The Richmond Register

Local News

July 25, 2013

Could a smartphone physical be in your future?

(Continued)

WASHINGTON —

But what if these technologies not only make physicians' physical exams easier but also improve our interactions with patients? Smartphones can offer doctors a more reliable exam while increasing patient involvement in their care. Within the next decade, the smartphone physical might replace the traditional physical exam. Even now, the long-standing "routine physical" may no longer be so routine.

The traditional physical exam may be overrated when it comes to picking up diseases. A chest exam done as part of a physical, for instance, has been found to pick up only half of all pneumonias. A study found that stethoscopes wielded by young doctors correctly identified only one-fifth of previously diagnosed heart conditions.
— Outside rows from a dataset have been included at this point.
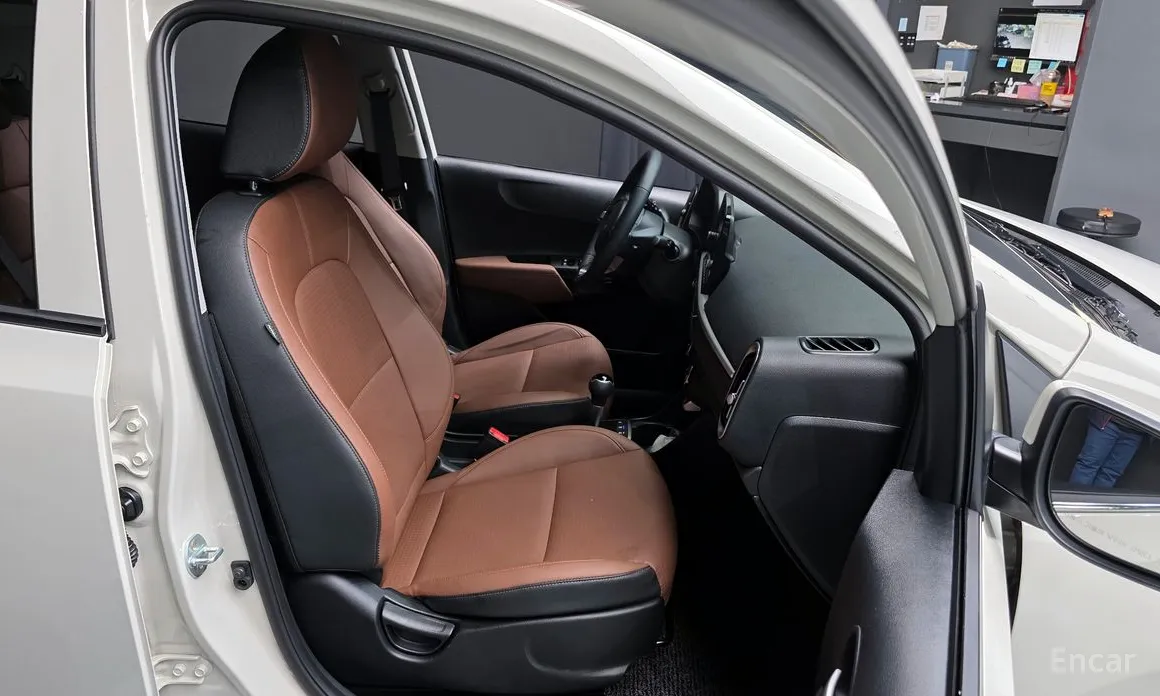 Фото 12 - Kia Morning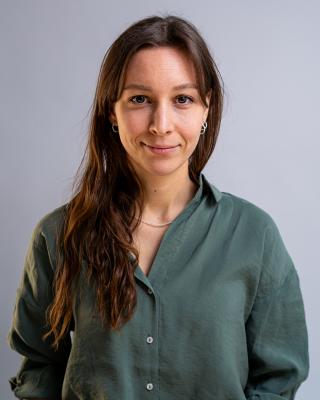 Portrait von Marisa Soukal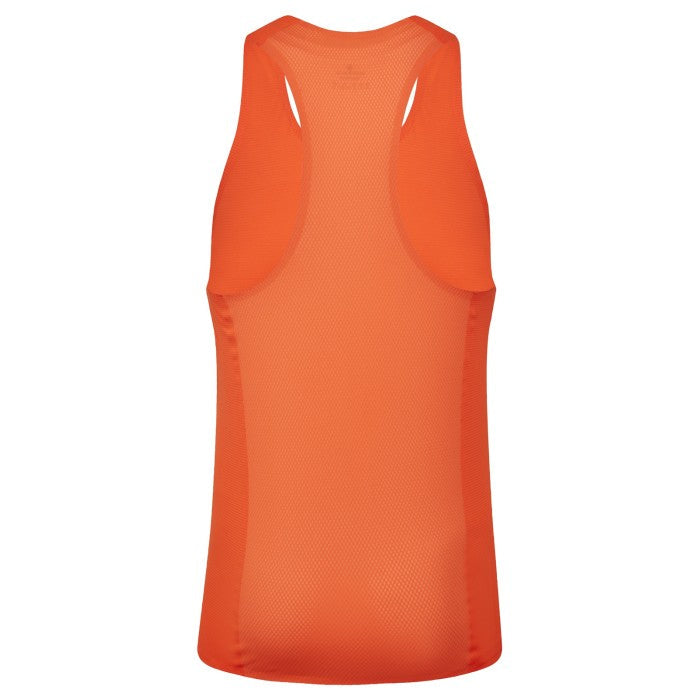 RONHILL MENS TECH RACE VEST R.RED/BLACK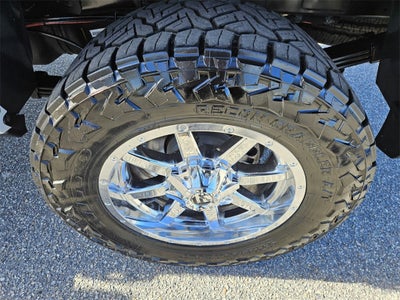 2022 RAM 3500 Laramie Longhorn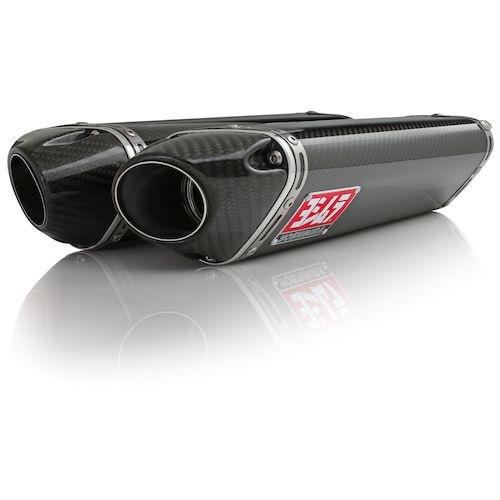 Yoshimura TRC Street SlipOn Exhaust Yamaha R1 20072008 RevZilla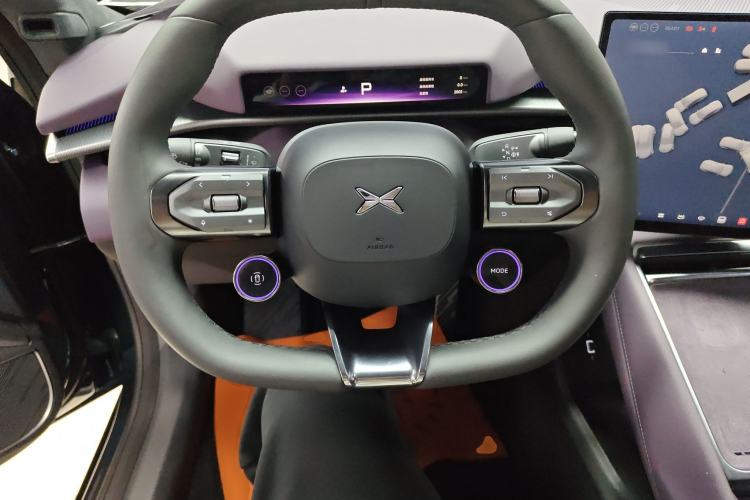 Used XPeng P7 2025 Model—702 Long Range Ultra
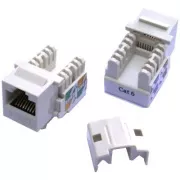 DATACOM Keystone cat6 bijeli UTP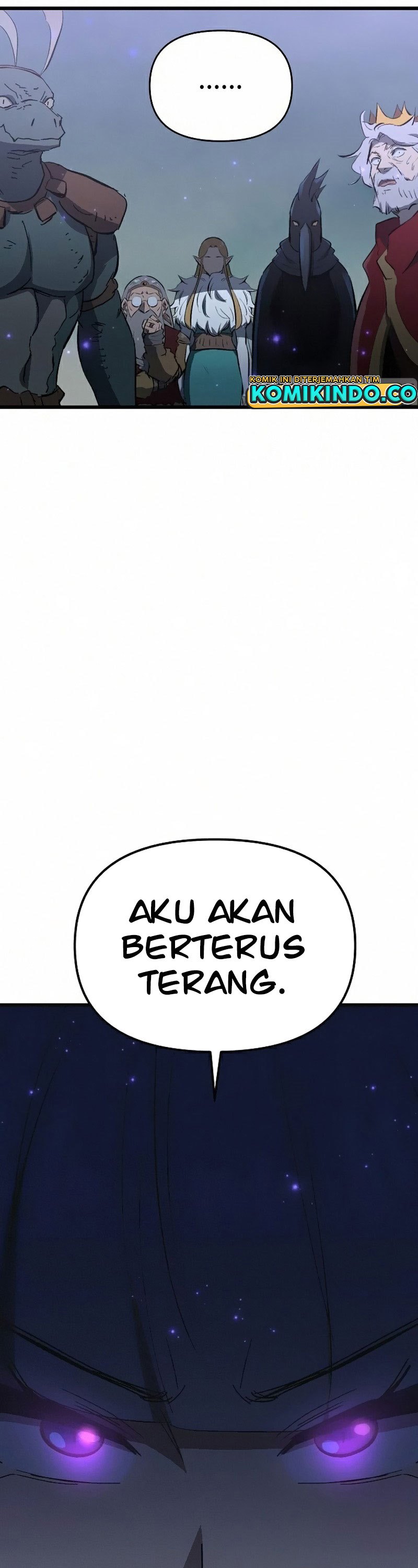 Deadbeat Hero Chapter 16 Bahasa Indonesia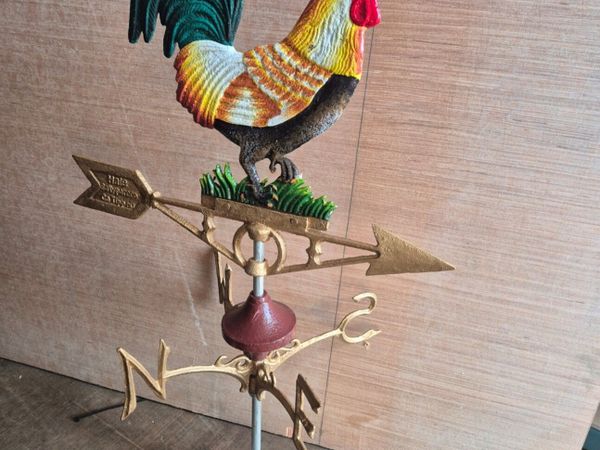 Weather vane cast iron - Main image
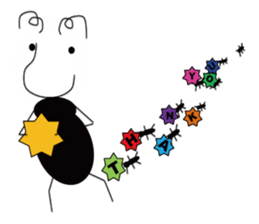 I'm marpie! sticker #3746685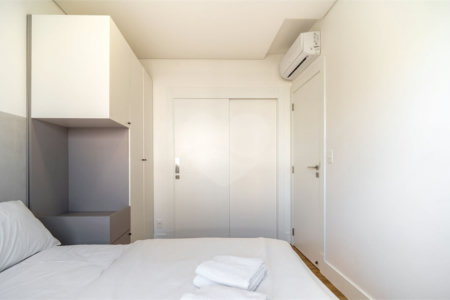 Apartamento à venda com 3 suítes em Jurerê, Florianópolis, SC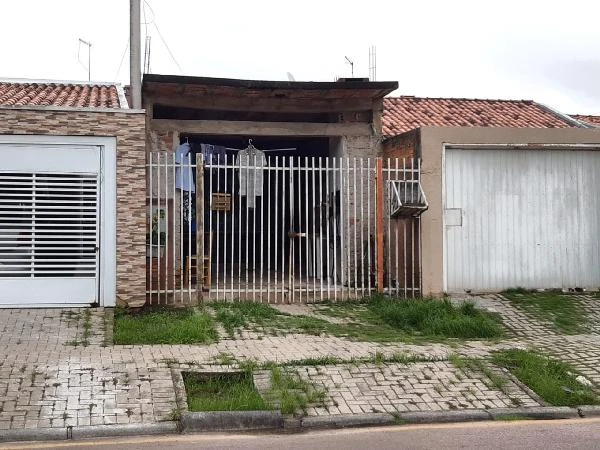 Casa com 2 Quartos em Curitiba/PR em Curitiba - Paraná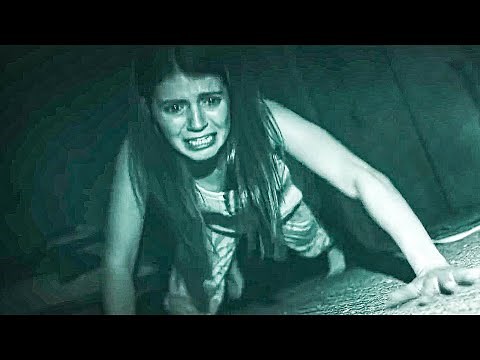 PARANORMAL ACTIVITY: NEXT OF KIN Official Trailer (2021)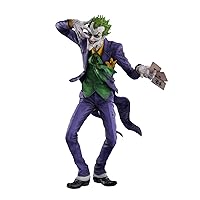Union Creative DC Comics: The Joker (Laughing Purple) Sofbinal Vinyl Figure, Multicolor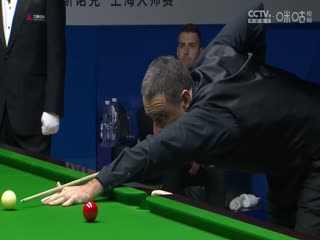 斯诺克 罗尼·奥沙利文4-5马克·塞尔比 20230915（上）海报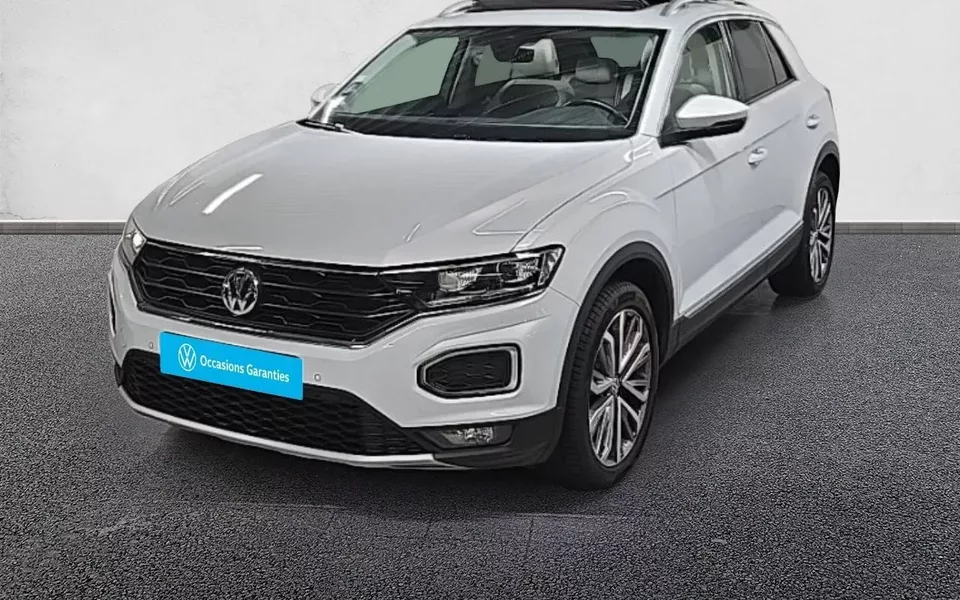 VOLKSWAGEN T-ROC 1.5 TSI 150 EVO Start/Stop DSG7 Carat Exclusive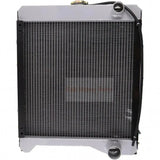 Radiator 237991A2 237992A3 Fits for Case Skid Steer Loader 75XT 85XT 90XT 95XT - Fab Heavy Parts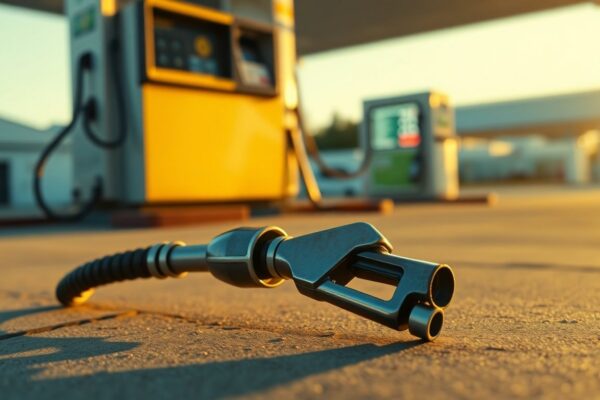 San Diego gas price update as national average declines
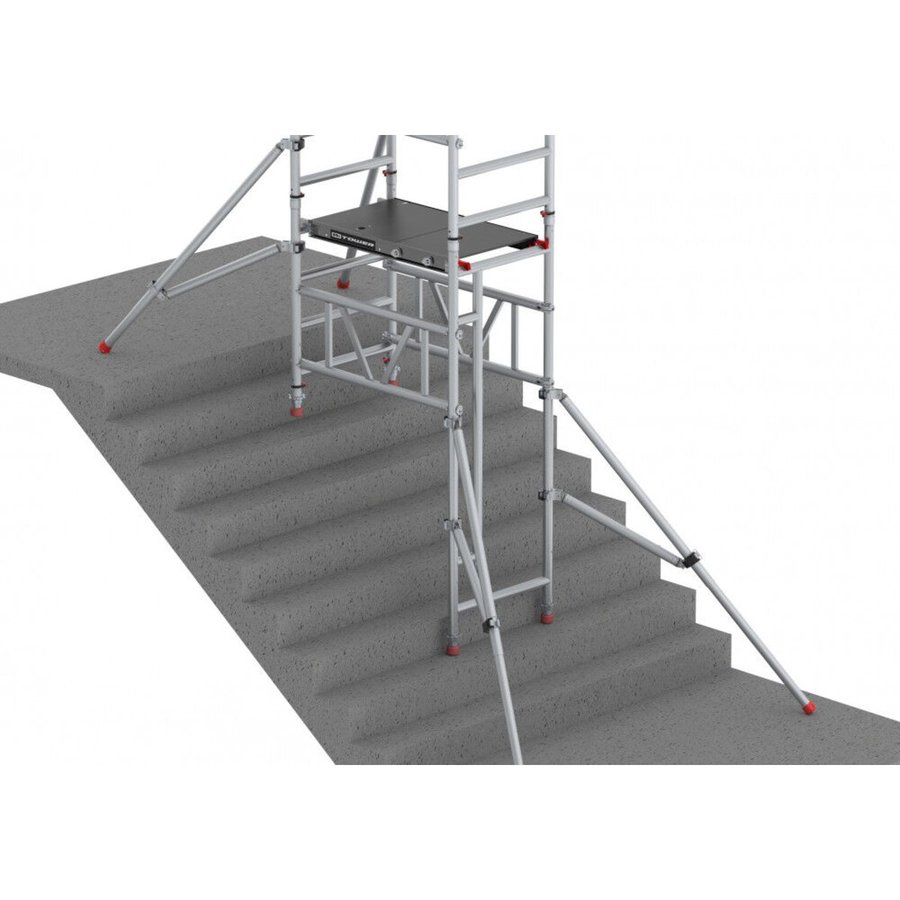 Altrex MiTOWER STAIRS -  kein komplettes Gerüst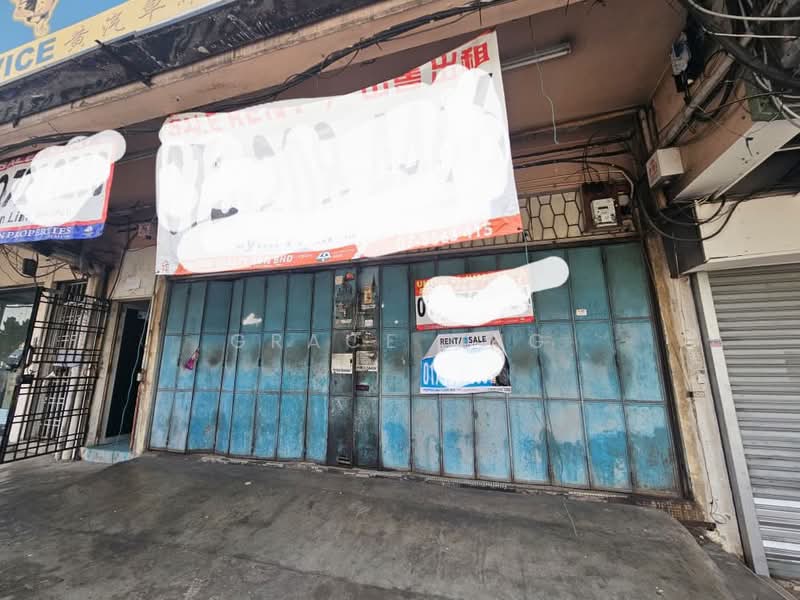 Shop for Rent in Taman Century (Johor Bahru) - Grace Ong - Exterior - PropertyGuru.com.my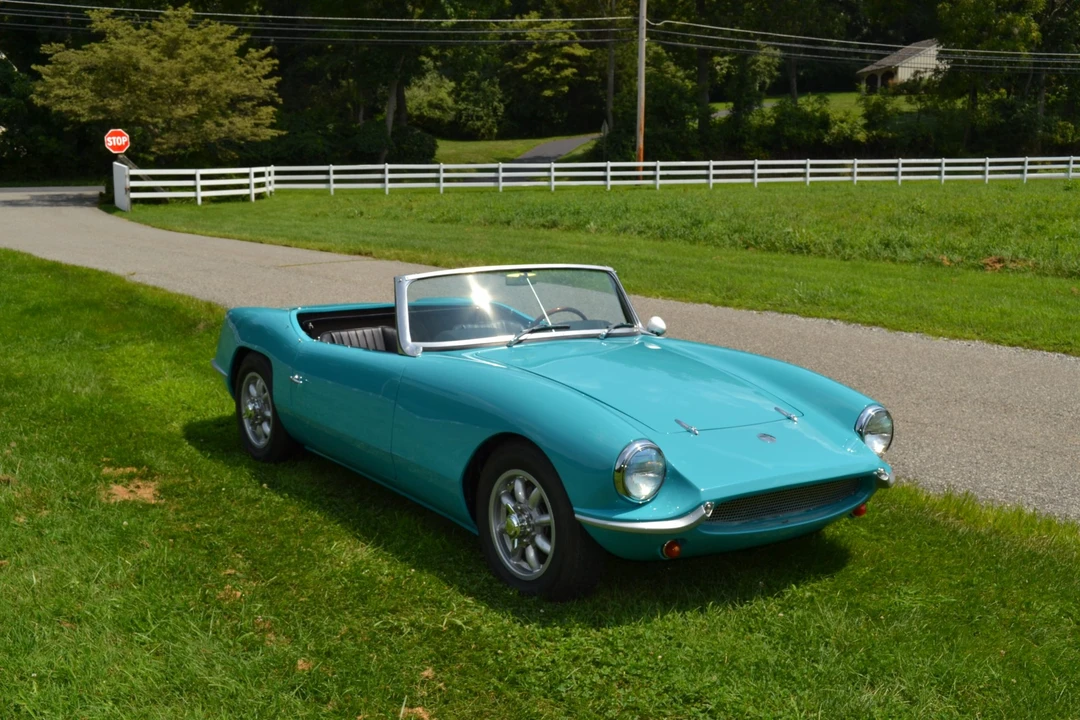 1964 Elva - Image 9 of 31
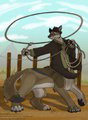 Save a taur, ride a... ? by RayaMantayo 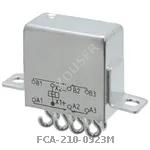 FCA-210-0923M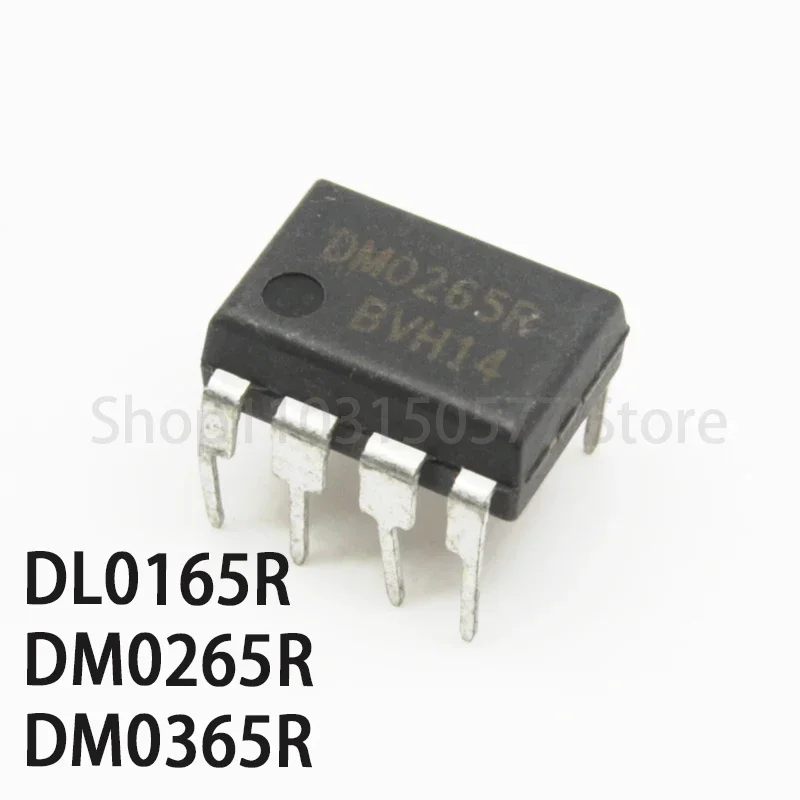 1 pezzo DL0165R FSDL0165R DM0265R DM0265RB DM0365R DM0365RB In linea DIP8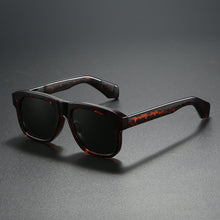 Load image into Gallery viewer, Acetate-Style Polarized Fashion Sunglasses – Unisex Luxury Look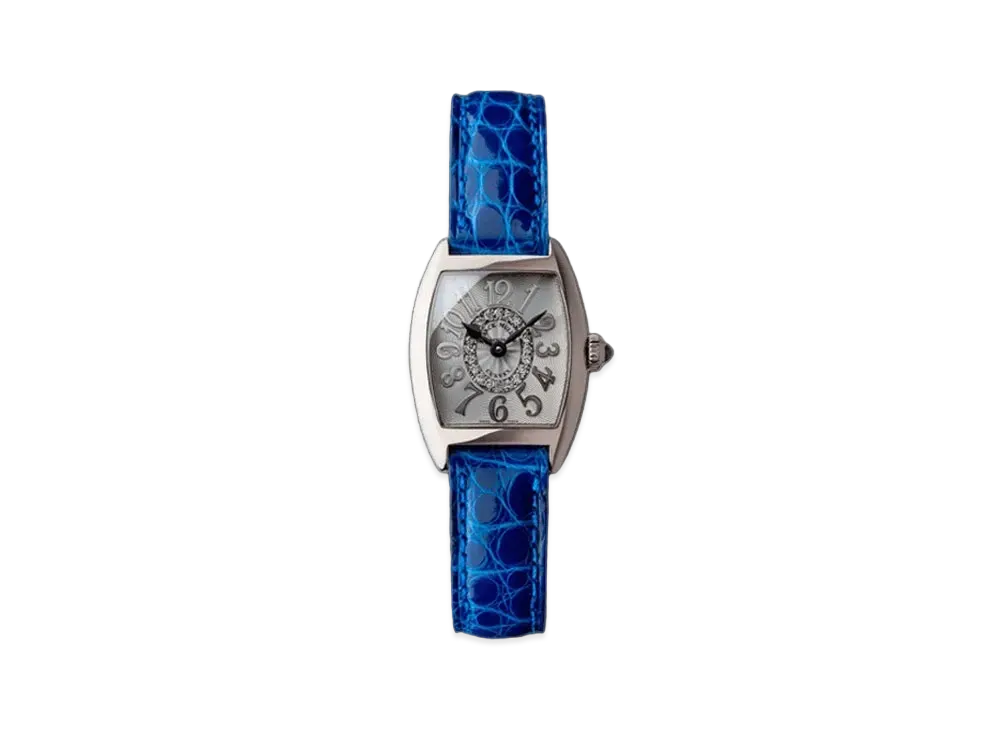 FRANCK MULLER Intermediate Relief Diamond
So while the traditional physical exam may be hands-on, it's probably time to find ways to improve it; to me, smartphones offer that possibility.

Smartphone EKG

How can doctors wielding smartphones make a physical exam more effective? Technologies such as CellScope are often smaller and less unwieldy than otoscopes, stethoscopes and ultrasounds. "The Smartphone Physical" included a smartphone case that doubles as an EKG machine. Participants could get readings of their heart rhythms just by placing their fingertips on sensors located on the back of the smartphone case. By contrast, a standard single-lead EKG usually requires a technician to attach sensors to a patient's body in a clinic, doctor's office or, often, ambulance.

A study of the smartphone EKG presented at the 2012 American Heart Association annual meeting showed that its results were as accurate as a single-lead EKG at detecting atrial fibrillation and other arrhythmias. (Hospitals and emergency rooms use 12-lead EKGs to detect heart attacks and other conditions.)

Furthermore, the new device allows patients to participate in their own exam: The EKG readings can be transferred directly from iPhone to the Web, enabling a doctor to remotely look for specific heart wave abnormalities in real time - as opposed to having the patient go to an ER or doctor's office to be evaluated.